(Data extracted from a collection)
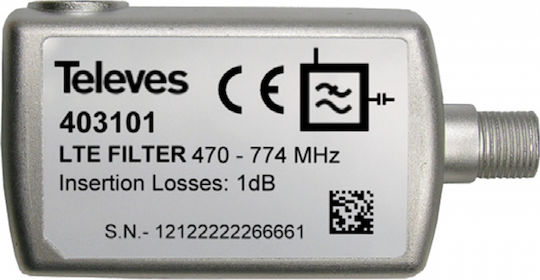 Televes MR (Medium Rejection) LTE/4G 470-774 MHz Filtru Accesorii Satelit 403101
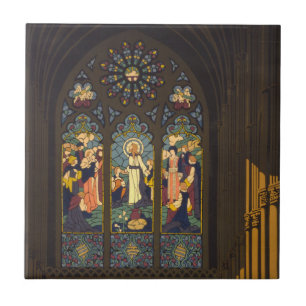 Carreau 1923 Affiche D'Une Église Avec Fenêtre En Verre Ti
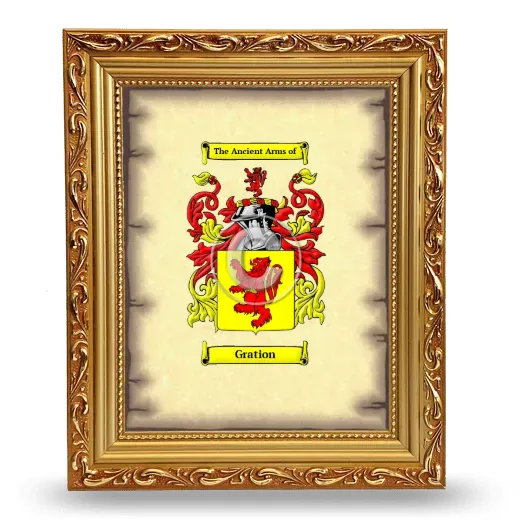 Gration Coat of Arms Framed - Gold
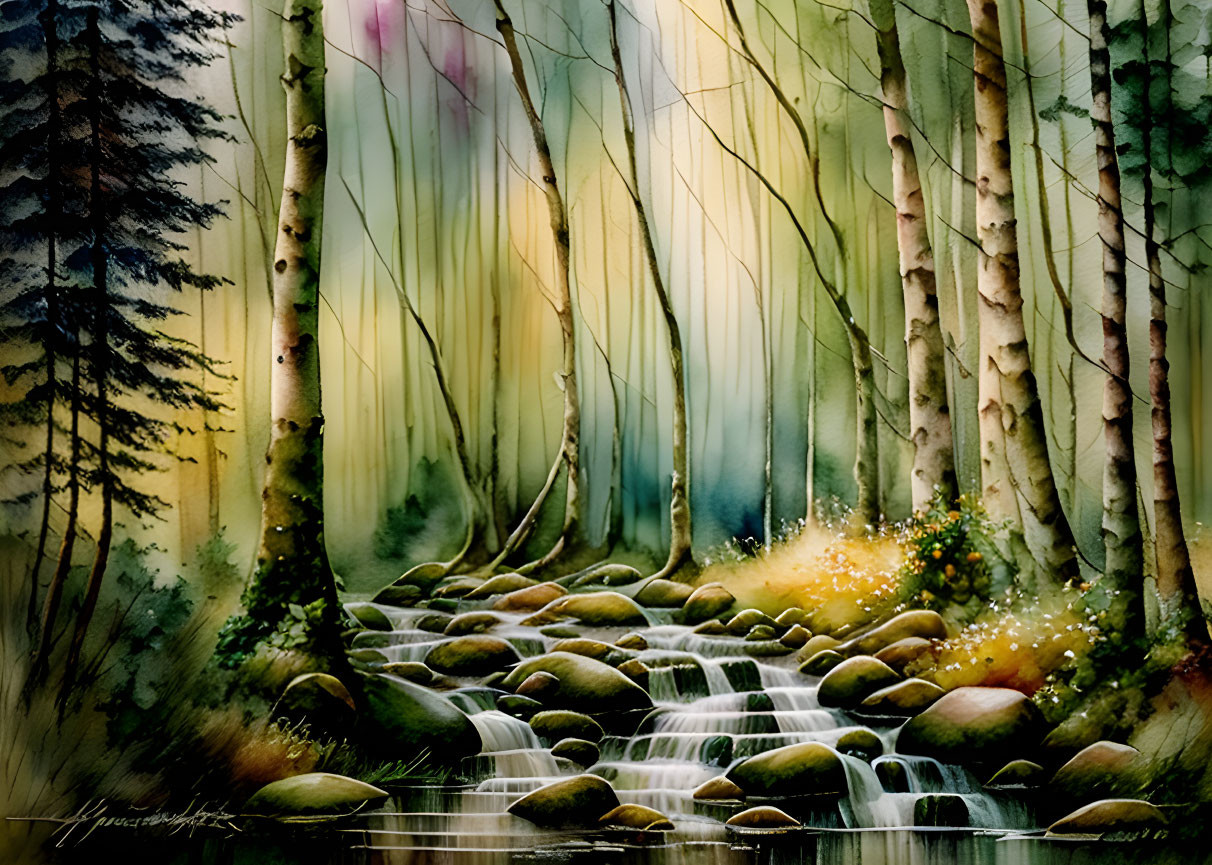 Tranquil forest stream with majestic trees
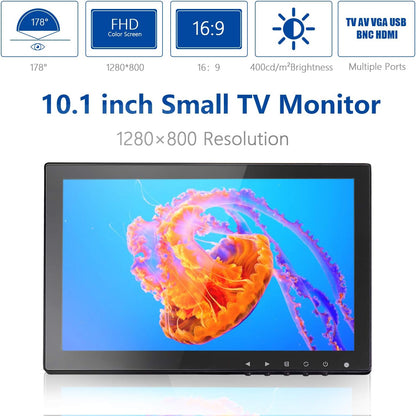 CCTV-monitor, 10,1 inch, IPS LCD HDMI kleurenscherm, 1280 x 800 brede kijkhoek met AV/VGA/HDMI/BNC/AUX/audio-aansluitingen, ingebouwde luidspreker voor thuisbeveiliging, CCTV-IP-camera, pc-monitor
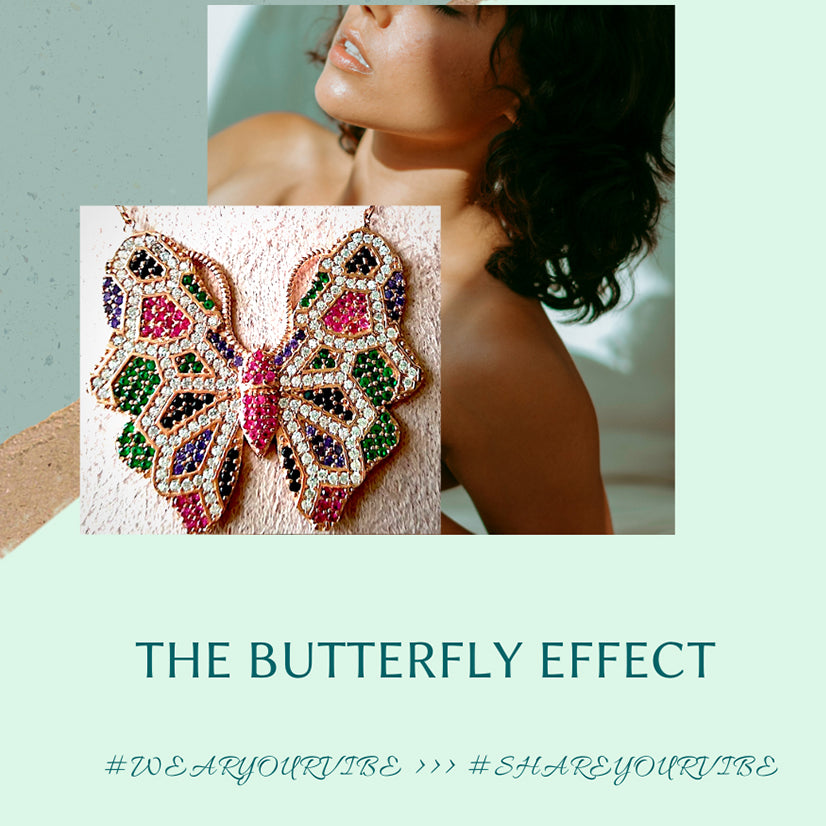 Multi hued Butterfly Necklace with Swarovski Crystals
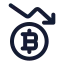 Bitcoindown icon with stroke rounded style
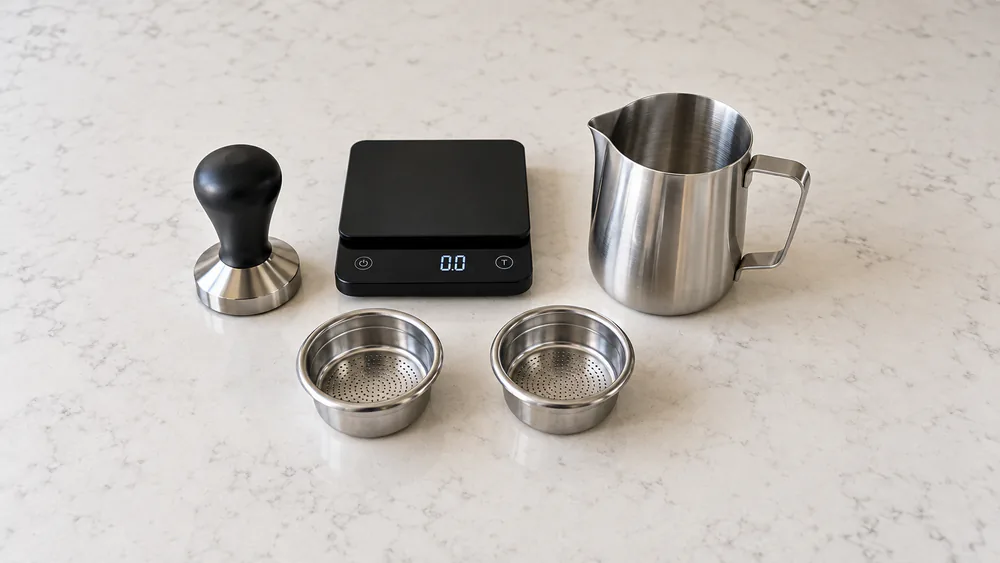 Espresso accessories laid out on a counter: a tamper, a small scale, replacement baskets and a milk jug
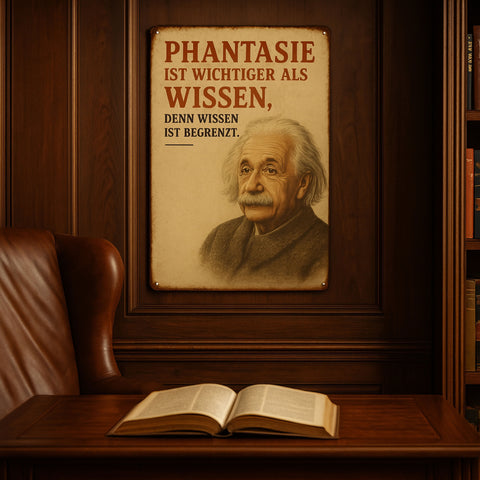 Albert Einstein Phantasie Blechschild - 20x30cm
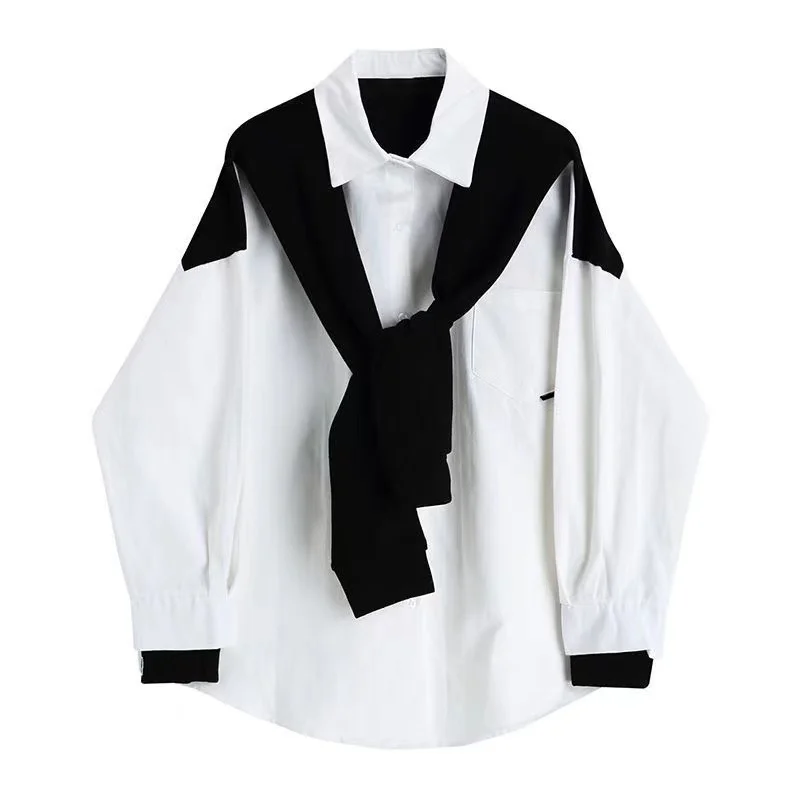 

Large Big Add Plus Size Women Shirt Blouse Mid-Length Oversize Shirt Clothing Loose Long Sleeve Female Tops Korean Blouses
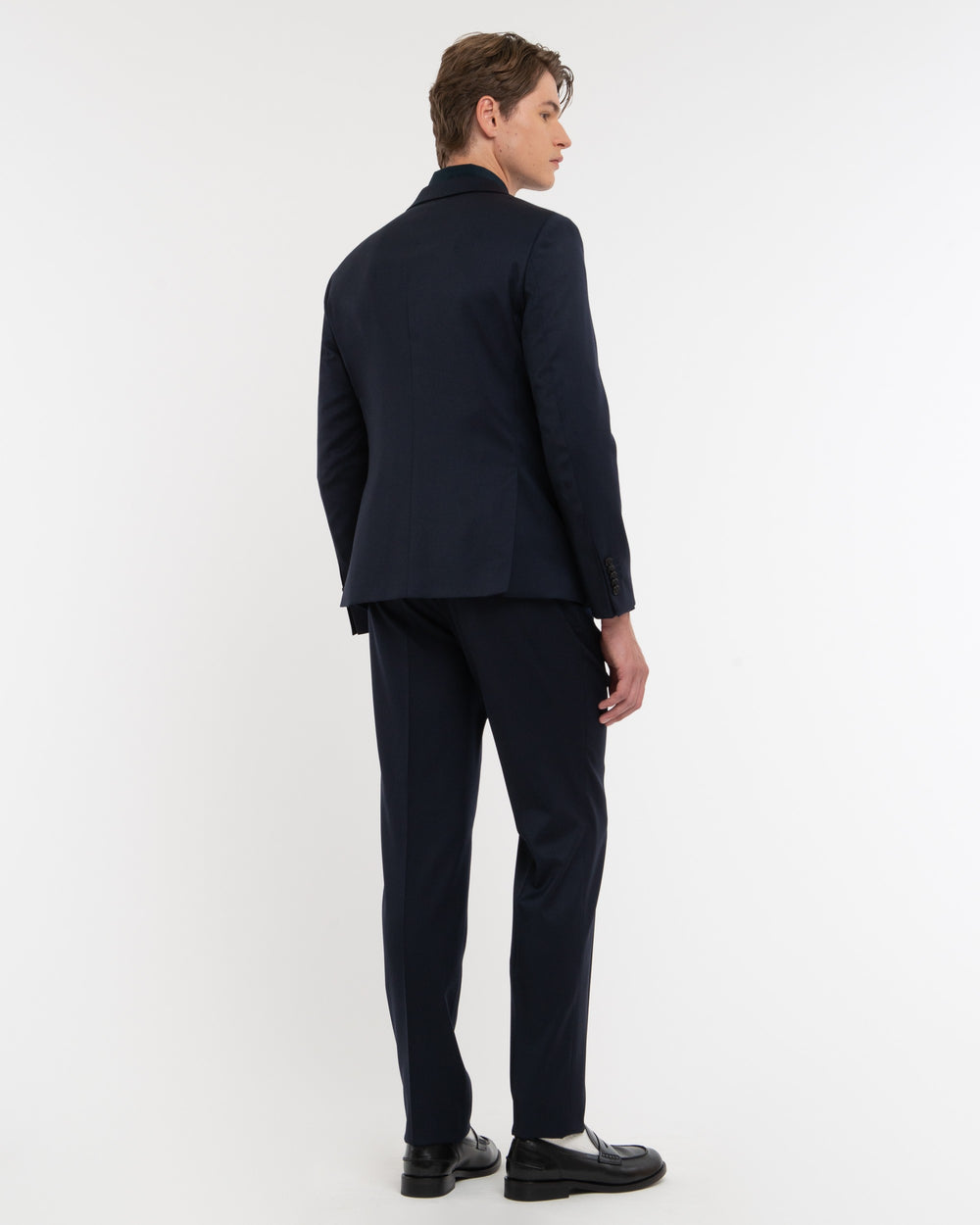 blue stretch wool slim fit suit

▸ **Description of the task**:
With the pictures left out, restate word for word every line of the data above, from the first down to the line that contains "Espresso accessories laid".

▸ **Reply**:
 Televes MR (Medium Rejection) LTE/4G 470-774 MHz Filtru Accesorii Satelit 403101
 Carreau 1923 Affiche D'Une Église Avec Fenêtre En Verre Ti
 Gration Coat of Arms Framed - Gold
 Tranquil forest stream with majestic trees
 CCTV-monitor, 10,1 inch, IPS LCD HDMI kleurenscherm, 1280 x 800 brede kijkhoek met AV/VGA/HDMI/BNC/AUX/audio-aansluitingen, ingebouwde luidspreker voor thuisbeveiliging, CCTV-IP-camera, pc-monitor
 Multi hued Butterfly Necklace with Swarovski Crystals
 Bitcoindown icon with stroke rounded style
 Espresso accessories laid out on a counter: a tamper, a small scale, replacement baskets and a milk jug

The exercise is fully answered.